Impact
The vulnerability resides in the GCR Receiver of Flux notification-controller, which fails to validate the email claim of Google OIDC tokens used for Pub/Sub push authentication. Any valid Google‑issued token can authenticate against the Receiver webhook endpoint and cause the controller to initiate a reconciliation of all resources specified in the Receiver’s configuration. In practice, because Flux reconciliation is idempotent and requests are deduplicated, the immediate effect is often a no‑op unless the source desired state has changed. Nonetheless, the ability to trigger reconciliations without authorization represents an unauthorized control surface and potential avenue for indirect impact if upstream sources are manipulated.
Affected Systems
Flux CD notification-controller prior to release version 1.8.3 is affected.
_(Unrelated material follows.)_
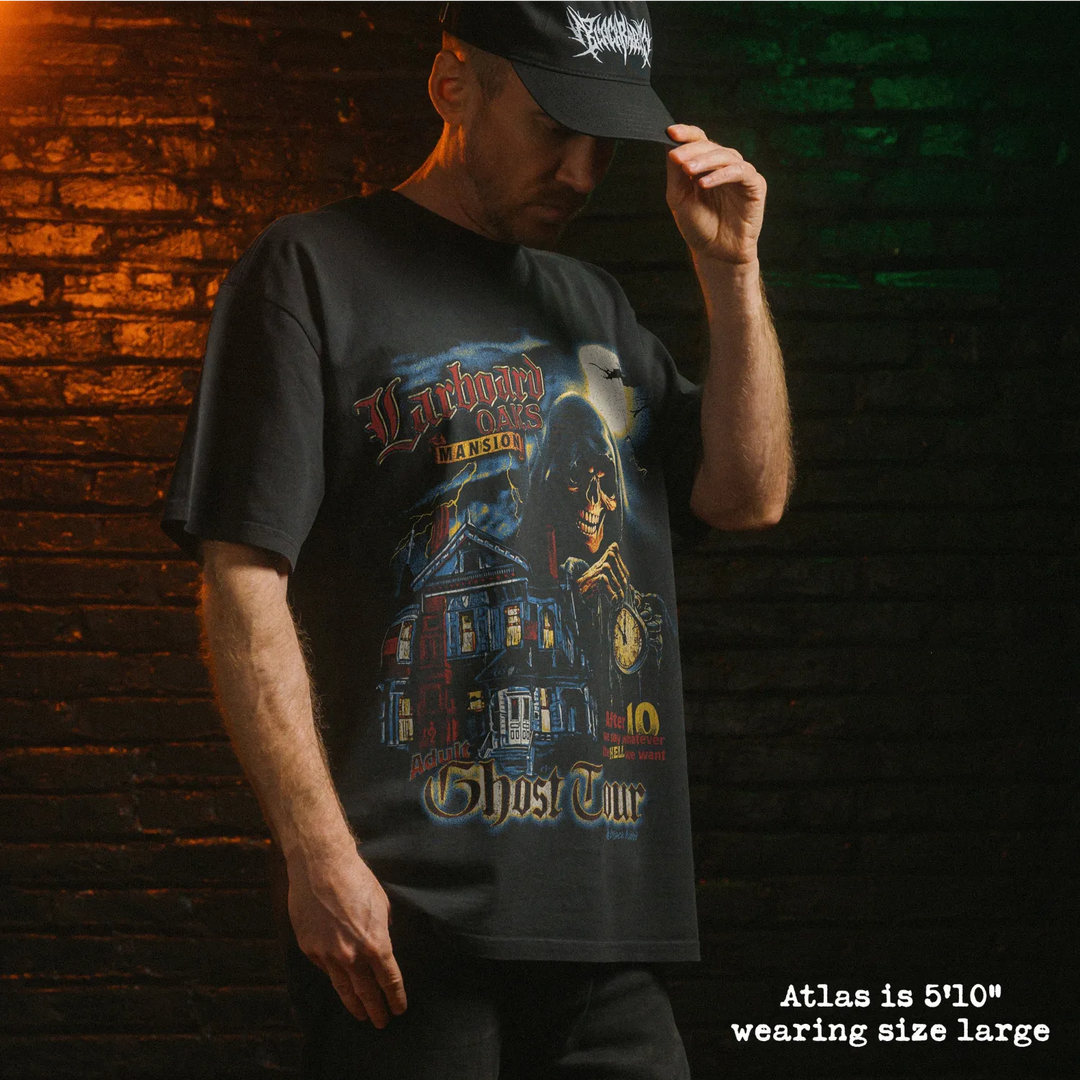 Model wearing heavy tee with ghost tour graphic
All deployments of the Flux notification-controller before that version are susceptible, regardless of the specific cluster configuration.
Risk and Exploitability
The CVSS v3.1 score for this issue is 3.1, indicating low severity. EPSS data is not available and the vulnerability is not listed in CISA’s KEV catalog, implying it is not widely exploited. Attackers must know the Receiver’s webhook URL—derived from a random token, secret name, and namespace—and cannot enumerate it through an API. Therefore, exploitation requires either cluster access to read the Receiver status or otherwise obtain the leaked secret or Pub/Sub configuration. Given these constraints, the practical risk is low, but the issue still creates an unauthorized trigger that could be abused in conjunction with other changes to source repositories.